Before the season, Freeman set three goals before the team – winning the region, hosting a playoff game and winning a playoff game. None had been previously accomplished in school history. And now they all have. Bryan County earned its semifinal berth with a 24-16 win Friday over No. 3 Commerce. Hill threw a last-minute, fourth-down touchdown pass (of “15ish yards,” according to Hill) in front of a record home crowd garbed in the school’s red and white.
Hearing encouragement from teachers and neighbors “makes me feel good,” said running back and linebacker Austin Clemons, a 4.0 GPA student. “I’m not going to lie. Because I always want to make my community proud. And I know the team, that’s what we all want to do.”
It has been an autumn unlike any other in Pembroke, a one-stoplight town of about 2,500.
“I think we’ve got a McDonald’s and then a Subway and one Mexican restaurant, and that’s it,” Ennis said.
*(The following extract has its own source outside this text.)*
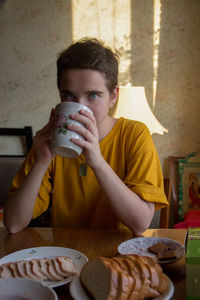 Portrait of a boy drinking coffee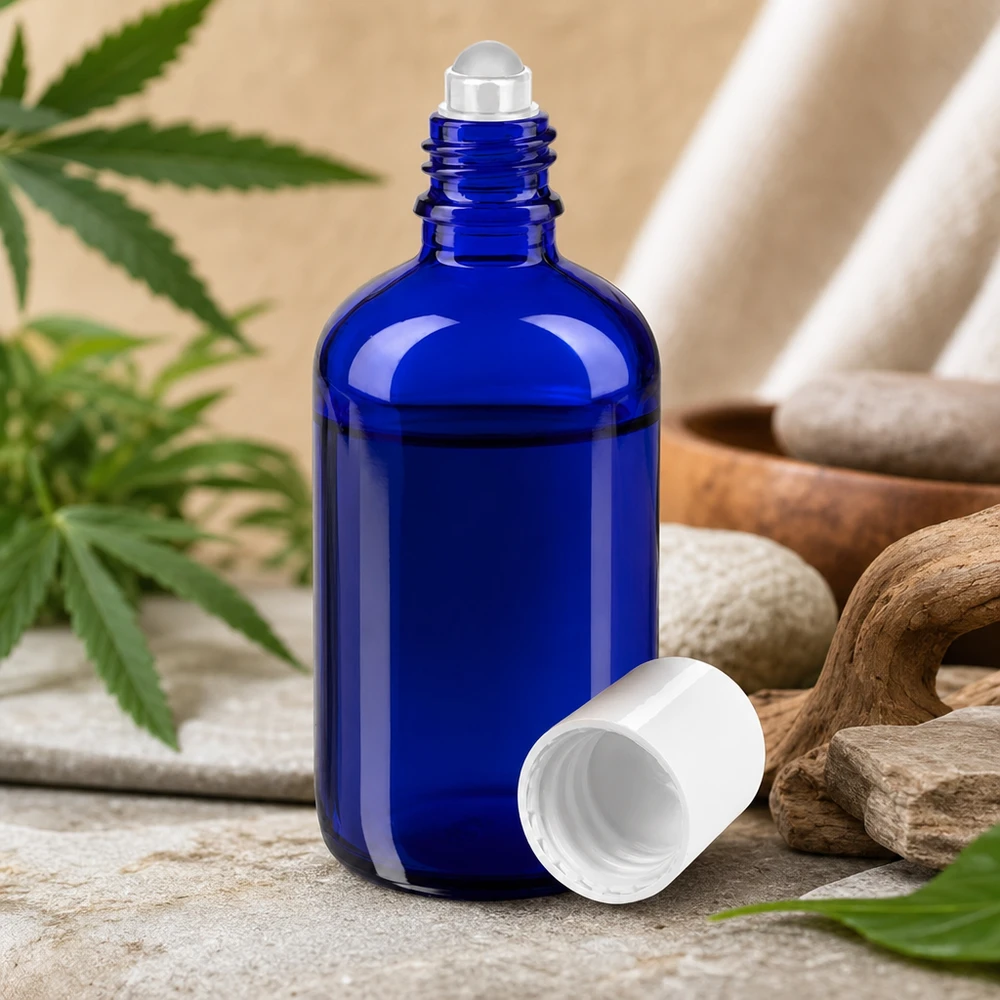 Flacon roll-on en verre d'apothicaire bleu de 100 ml, orné de pierres naturelles et de feuilles de cannabis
Of the 21 seniors on the team, at least nine have parents who both went to Bryan County and a 10th with one such parent, according to Blaine Ennis, the AD. Of the students in the senior class, “probably every one of them” grew up in Bryan County, according to Hill, the quarterback. The ZIP code encompassing Pembroke is about 79% white and 15% black, according to Census Reporter. Families with wealth live among those with less means.
“It’s definitely a small town,” Tanner Ennis said. “Not many people know where it is. But it’s a great community.”
It is a community that faces significant change. Hyundai has broken ground on a nearly $7.6 billion plant in the county that is promised to bring 8,500 jobs by 2031.
“We think our schools are going to explode,” said county resident Noah Covington, who played for Bryan County along with more than 15 members of his extended family, including a nephew (Carlin Covington) on this year’s team. “Here’s what’s really cool to me about this, is that this is the homegrown bunch. This is not the new population.”
The challenge to keep the journey going will grow exponentially Friday. Top-ranked Prince Avenue Christian (12-1) has won state titles two of the past three years and is quarterbacked by Aaron Philo, who has thrown for 13,112 yards in his career and committed to play at Georgia Tech. That’s third all-time in state history, according to the Georgia High School Football Historians Association.
It’ll be a sophisticated passing attack versus the time-honored and ground-oriented Wing-T. With a win, Bryan County – a team that until this November had never recorded a state playoff win – will be in the state title game.
“I’m just telling them, hey, man, we’ve got four quarters,” Freeman said. “If we can tie three and win one, then we play for the state championship.”
If they can make it there, Albert Lodge and all Bryan County supporters can rest assured – Mercedes-Benz Stadium has its own goalposts.